Feb. 14, 2014
Poor But Honest
She was poor, but she was honest,
Victim of the squire's whim:
First he loved her, then he left her,
And she lost her honest name.
Then she ran away to London,
For to hide her grief and shame;
There she met another squire,
And she lost her name again.
See her riding in her carriage,
In the Park and all so gay:
All the nibs and nobby persons
Come to pass the time of day.
See the little old-world village
Where her aged parents live,
Drinking the champagne she sends them;
But they never can forgive.
In the rich man's arms she flutters,
Like a bird with broken wing:
First he loved her, then he left her,
And she hasn't got a ring.
See him in the splendid mansion,
Entertaining with the best,
While the girl that he has ruined,
Entertains a sordid guest.
See him in the House of Commons,
Making laws to put down crime,
While the victim of his passions
Trails her way through mud and slime.
Standing on the bridge at midnight,
She says: 'Farewell, blighted Love.'
There's a scream, a splash-Good Heavens!
What is she a-doing of?
Then they drag her from the river,
Water from her clothes they wrang,
For they thought that she was drownded;
But the corpse got up and sang:
'It's the same the whole world over;
It's the poor that gets the blame,
It's the rich that get the pleasure.
Isn't it a blooming shame?'
Today is Valentine's Day, the day on which we celebrate love. The holiday was named in part for an early Christian priest, St. Valentine, who was martyred for his beliefs on this day in about 270 A.D. According to legend, the priest fell in love with his jailer's daughter, and just before his execution, he wrote her a love letter signed, "from your Valentine."

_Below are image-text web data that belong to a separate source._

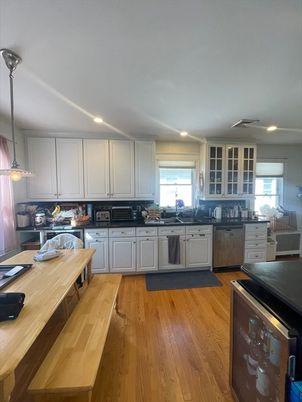 Interior, Kitchen, Pendant Lights, Recessed Lighting, Wood Texture Flooring
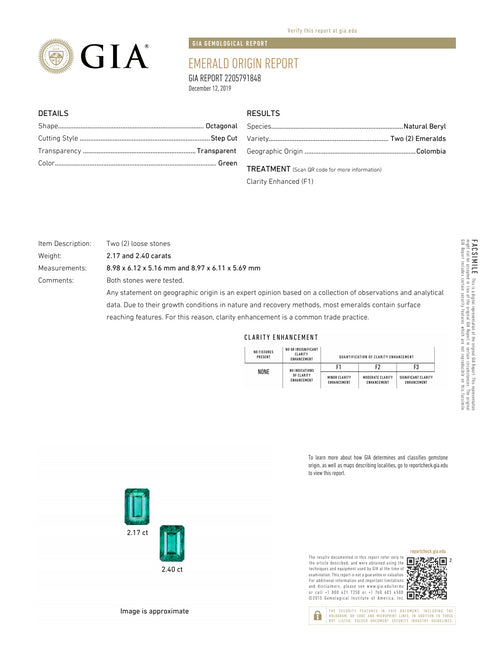 Certified Columbian Emerald and Diamond Drop Earrings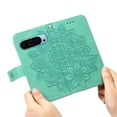 thumbnail image 6 of For Google Pixel 10/Pixel 10 Pro 6.3" Seven Petal Flower Embossed Strong Magnetic Attachment/Closure, Card Slots/Pocket, PU Leather Flip Wallet Case With Hanging Rope,Green, 6 of 8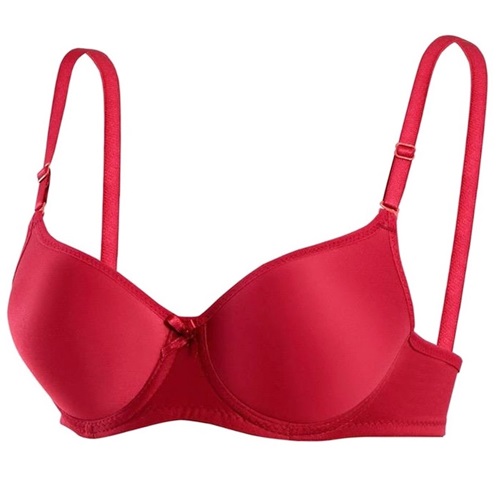 1151 Bayan Silikonlu Dolu Düz Destekli Sütyen - Bordo - 75-80-85-90-95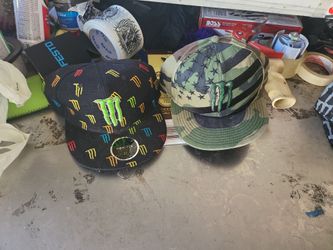 Monster Energy Snapback Hats – Set of 2 one fitted one adjustable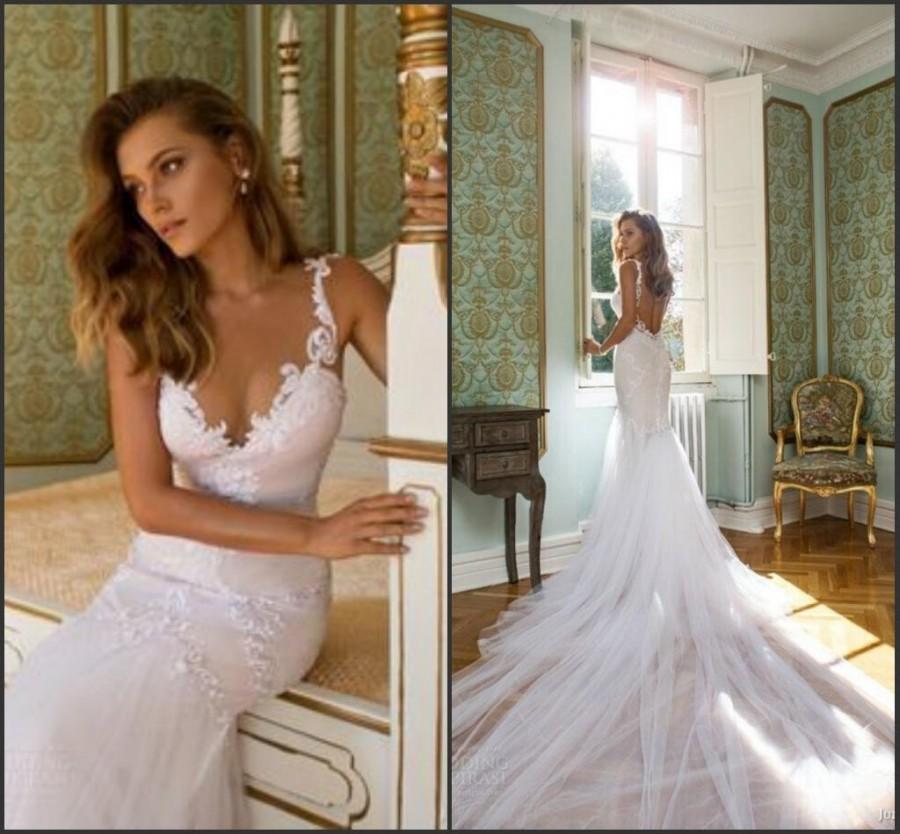 Свадьба - 2015 Spaghetti Straps Wedding Dresses Open Back Tulle Garden Summer Mermaid Julie Vino Court Train Appliques Bridal Gowns Dress Party Online with $121.05/Piece on Hjklp88's Store 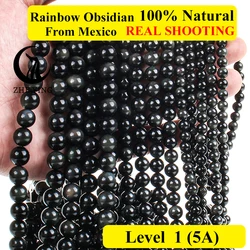 Zhe Ying Mexico Rainbow Obsidian Stone Natural Round Smooth Gemstone Beads For Jewelry Making Bracelet Necklace DIY Accessories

On this day in 1895, Oscar Wilde's play The Importance of Being Earnest opened in London (books by this author). He wrote the first draft in just 21 days, the fastest he'd ever written anything. The play tells the story of a man named Jack Worthing who pretends to have a younger brother named Earnest. Jack uses the imaginary Earnest as an excuse for getting out of all kinds of situations, and even pretends to be Earnest when that suits his purposes. At the same time, Jack's friend Algernon Moncrieff also begins impersonating the imaginary Earnest. When two women fall in love with Jack and Algernon, they both think they are in love with a man named Earnest. It comes out in the end that Jack and Algernon are themselves actually long-lost brothers.
Wilde said that The Importance of Being Earnest expressed his philosophy that "we should treat all the trivial things of life very seriously, and all the serious things of life with sincere and studied triviality." To a friend he wrote that The Importance of Being Earnest was "a trivial play ... written by a butterfly for butterflies." But it was his greatest success. The actor who played Algernon Moncrieff later said, "In my 53 years of acting, I never remember a greater triumph than the first night of The Importance of Being Earnest."
Wilde showed up at a rehearsal for the play a few days before the opening, wearing his trademark green carnation pinned onto a three-piece maroon suit. After watching the actors for a few minutes he said: "Yes, it is quite a good play. I remember I wrote one very like it myself, but it was even more brilliant than this."
It's the birthday of comedian Jack Benny, born Benjamin Kubelsky, in Waukegan, Illinois (1894), the son of a saloonkeeper. A violin prodigy, he hoped for a concert career, but by 17 was playing in vaudeville, where he discovered he was not only musical, but also very funny. His NBC radio program, The Jack Benny Show, began in 1932 and ran weekly for 23 years. His onstage character was a sour, exceedingly stingy person, a remarkably awful violin player, and perpetually 39 years old.